Now, I have not suggested that Bauer is wrong to want something different from philosophy. But I think her position is at odds with herself and that her use of Plato exhibits this tension. For even in her depiction of Plato, philosophy does not have an authoritative voice in a culture if by that we mean capable of shaping and even transforming the culture.
Rather, what she shows Plato as doing (and I think this is a plausible and inspiring reading of Plato's philosophy and its role as an instrument to call people to the academy) as being skilled in persuading some to an intellectual way of life in which they are challenged to think autonomously. She never mentions Thoreau, but Thoreau's (delayed, perhaps) effect on the young may be thought an instance of such a true education. This still involves philosophy with a public-facing rhetoric, but it is not a rhetoric aimed at the people at large.

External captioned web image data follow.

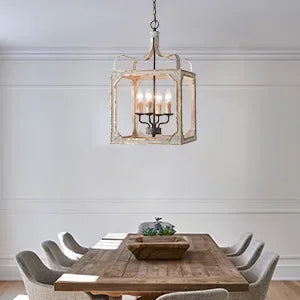 Afralia™ Vintage Gold Wooden Chandelier Suspension Lighting for Kitchen and Living Room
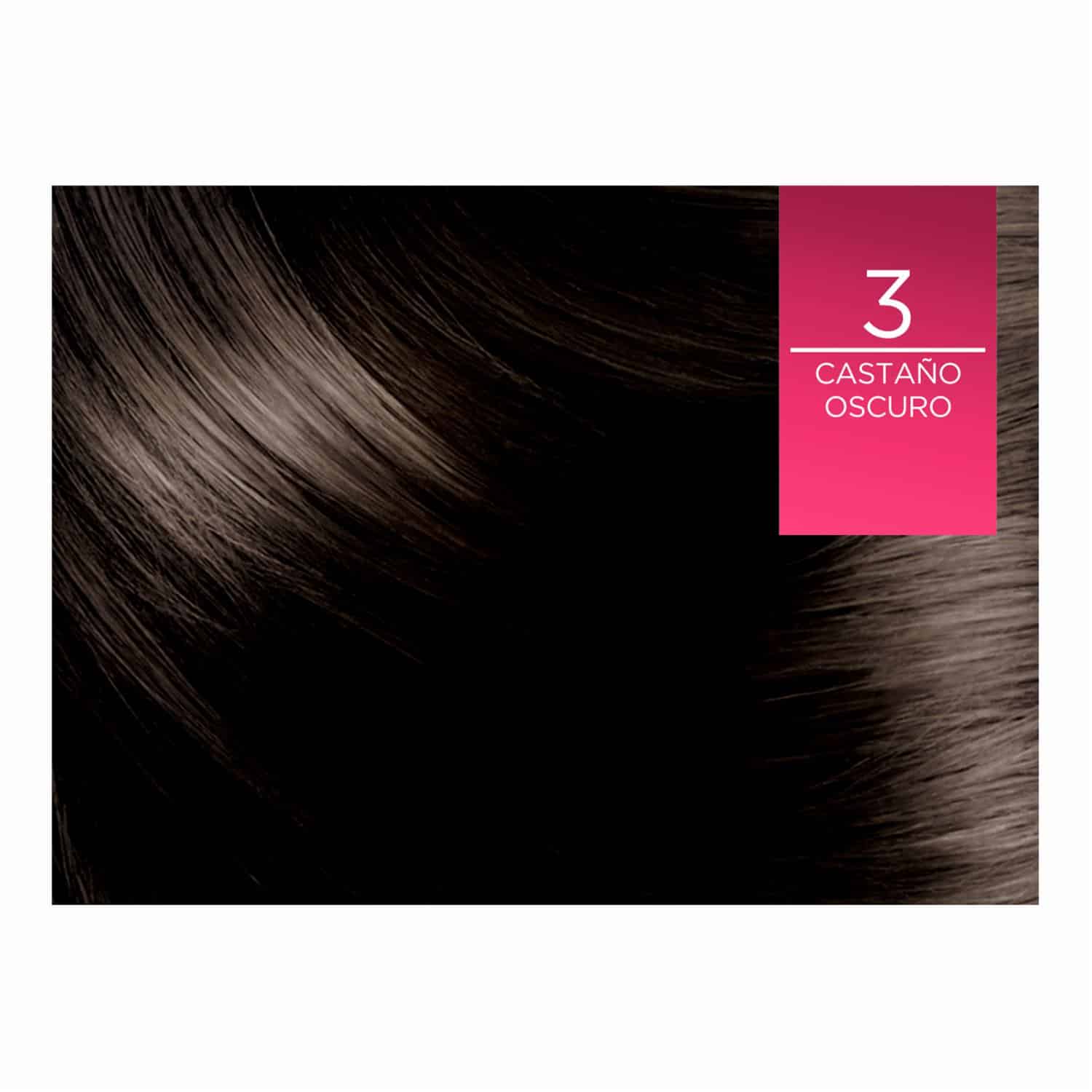 Tinte Para Cabello Tono 3 Castaño Oscuro EXCELLENCE L'ORÉAL PARIS 1 Kit - Imagen 5
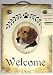 Beagle Beagles 6x8 Hanging Welcome Slate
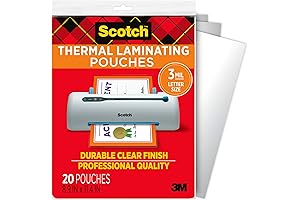 Scotch Matte Thermal Laminating Pouches, Ultra Clear with Matte Finish, Letter Size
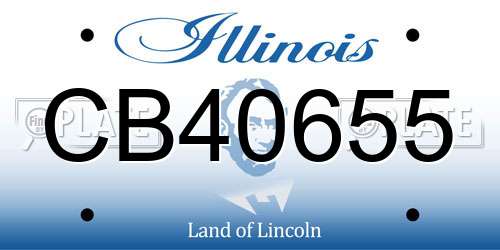 CB40655 Illinois License Plate
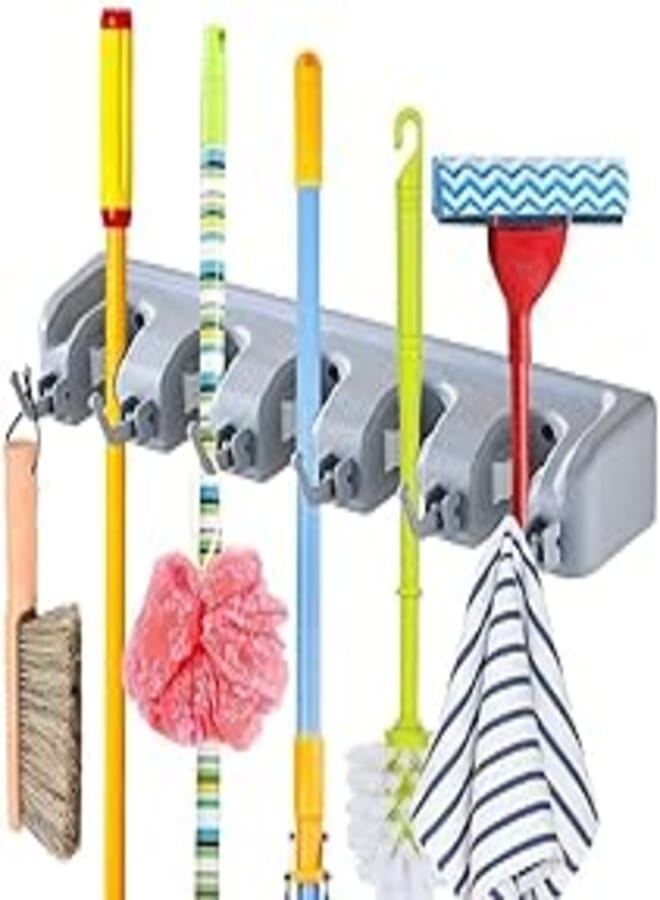 5-Point Vacuum Broom Rack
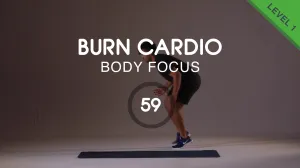 Burn Cardio 59 - All Standing Cardio & Stability for Beginners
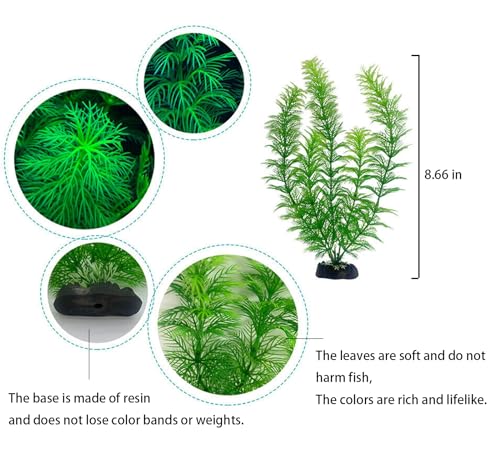 Silk Aquarium Plants, Artificial Fake Aquarium Plants Small Betta Fish Tank Plants Plastic Realistic Decorations Set 5PCS (Style A) - size: Style A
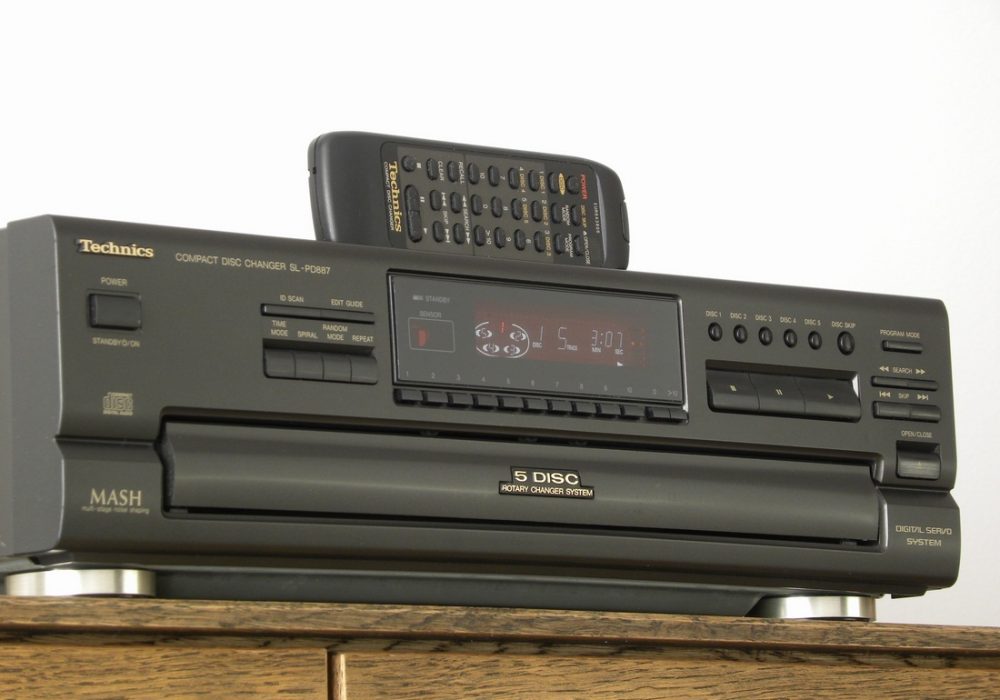 Technics SL-PD887 5碟连放 CD播放机
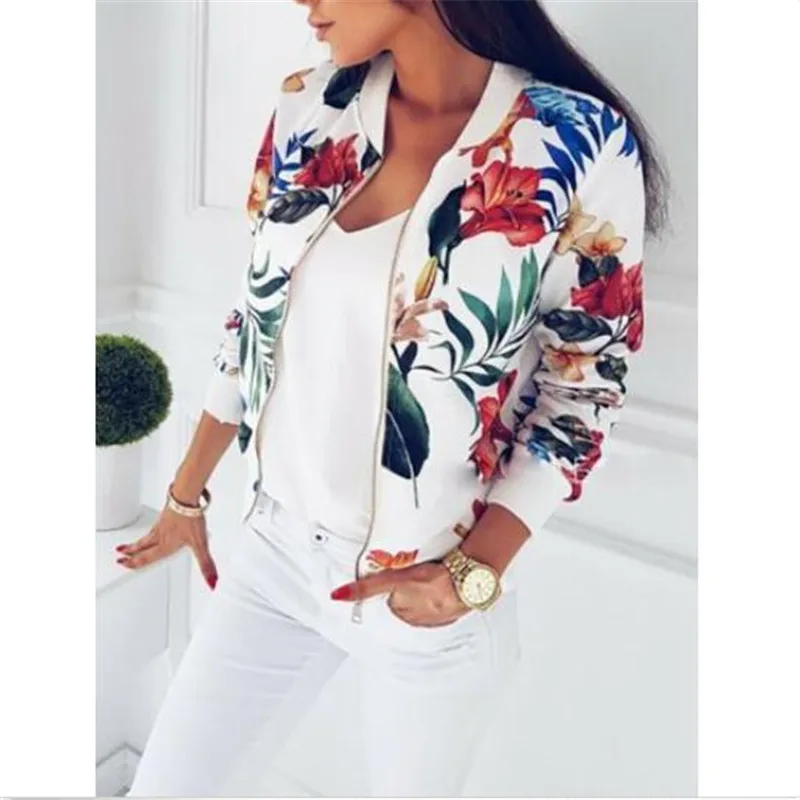 Fashionable Women's Floral Printed Jacket Ladies' Retro Zipper Up Casual Coat Long Sleeves New Autume Spring Outwear Hot Selling
Fashionable Women's Floral Printed Jacket Ladies' Retro Zipper Up Casual Coat Long Sleeves New Autume Spring Outwear Hot Selling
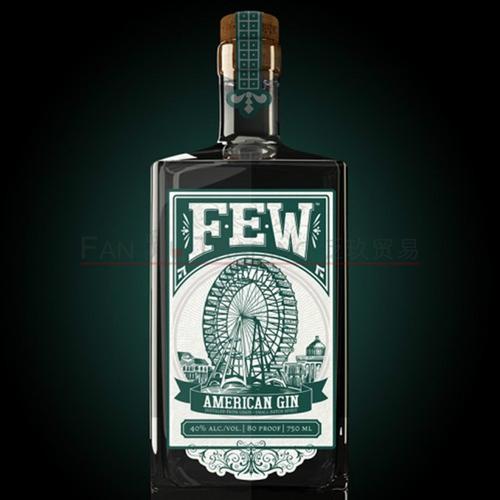 美国洋酒原瓶进口fewamericangin富优美式金酒金酒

Yet, feminism has -- by her own lights -- a broader ambition: to end patriarchy, and, thus, to transform society radically. And one may well believe that a kind of mediated trickle-down and the Platonic call to individuals are insufficient if it is divorced from a larger social movement shaping the culture, as it were, from below. Of course, social movements are populated by individuals who think for themselves and recognize themselves in properly transformed social reality. But if you want an authoritative philosophy apt for that project, I suspect you have to be willing to play with the fire that Carnap warns against.
*I thank Catarina for reminding me of this.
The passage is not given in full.